*** Opening LISTED RECORDS ***
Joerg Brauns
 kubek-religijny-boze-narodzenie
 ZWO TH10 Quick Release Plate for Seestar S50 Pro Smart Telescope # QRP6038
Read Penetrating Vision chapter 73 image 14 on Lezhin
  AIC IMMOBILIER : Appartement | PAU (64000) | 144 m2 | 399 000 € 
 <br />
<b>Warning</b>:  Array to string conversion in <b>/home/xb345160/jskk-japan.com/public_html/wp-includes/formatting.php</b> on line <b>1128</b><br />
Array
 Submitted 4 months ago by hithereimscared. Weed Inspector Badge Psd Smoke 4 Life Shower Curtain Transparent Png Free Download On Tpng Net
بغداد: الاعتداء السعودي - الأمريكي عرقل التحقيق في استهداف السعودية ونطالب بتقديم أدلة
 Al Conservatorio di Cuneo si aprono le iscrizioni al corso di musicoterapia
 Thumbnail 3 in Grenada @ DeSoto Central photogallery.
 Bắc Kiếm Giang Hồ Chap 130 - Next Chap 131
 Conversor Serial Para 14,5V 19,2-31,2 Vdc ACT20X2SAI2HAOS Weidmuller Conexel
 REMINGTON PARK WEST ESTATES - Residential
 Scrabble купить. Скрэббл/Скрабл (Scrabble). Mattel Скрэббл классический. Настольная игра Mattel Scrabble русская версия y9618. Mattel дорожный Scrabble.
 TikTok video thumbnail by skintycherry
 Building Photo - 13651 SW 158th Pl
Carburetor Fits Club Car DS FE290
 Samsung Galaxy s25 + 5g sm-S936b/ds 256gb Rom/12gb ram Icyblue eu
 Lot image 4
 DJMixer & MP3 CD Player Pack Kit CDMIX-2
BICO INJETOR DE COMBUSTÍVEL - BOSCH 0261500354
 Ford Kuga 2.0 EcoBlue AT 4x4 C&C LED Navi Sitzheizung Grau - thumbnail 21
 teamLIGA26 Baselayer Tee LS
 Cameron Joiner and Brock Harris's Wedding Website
*** Closing LISTED RECORDS ***
WHAT YOU ARE ASKED TO DO
Copy, exactly and with nothing added, the lines from the one containing "Bắc Kiếm Giang Hồ Chap 130 - Next Chap 131" through the end of the records.

EXERCISE ANSWER
 Bắc Kiếm Giang Hồ Chap 130 - Next Chap 131
 Conversor Serial Para 14,5V 19,2-31,2 Vdc ACT20X2SAI2HAOS Weidmuller Conexel
 REMINGTON PARK WEST ESTATES - Residential
 Scrabble купить. Скрэббл/Скрабл (Scrabble). Mattel Скрэббл классический. Настольная игра Mattel Scrabble русская версия y9618. Mattel дорожный Scrabble.
 TikTok video thumbnail by skintycherry
 Building Photo - 13651 SW 158th Pl
Carburetor Fits Club Car DS FE290
 Samsung Galaxy s25 + 5g sm-S936b/ds 256gb Rom/12gb ram Icyblue eu
 Lot image 4
 DJMixer & MP3 CD Player Pack Kit CDMIX-2
BICO INJETOR DE COMBUSTÍVEL - BOSCH 0261500354
 Ford Kuga 2.0 EcoBlue AT 4x4 C&C LED Navi Sitzheizung Grau - thumbnail 21
 teamLIGA26 Baselayer Tee LS
 Cameron Joiner and Brock Harris's Wedding Website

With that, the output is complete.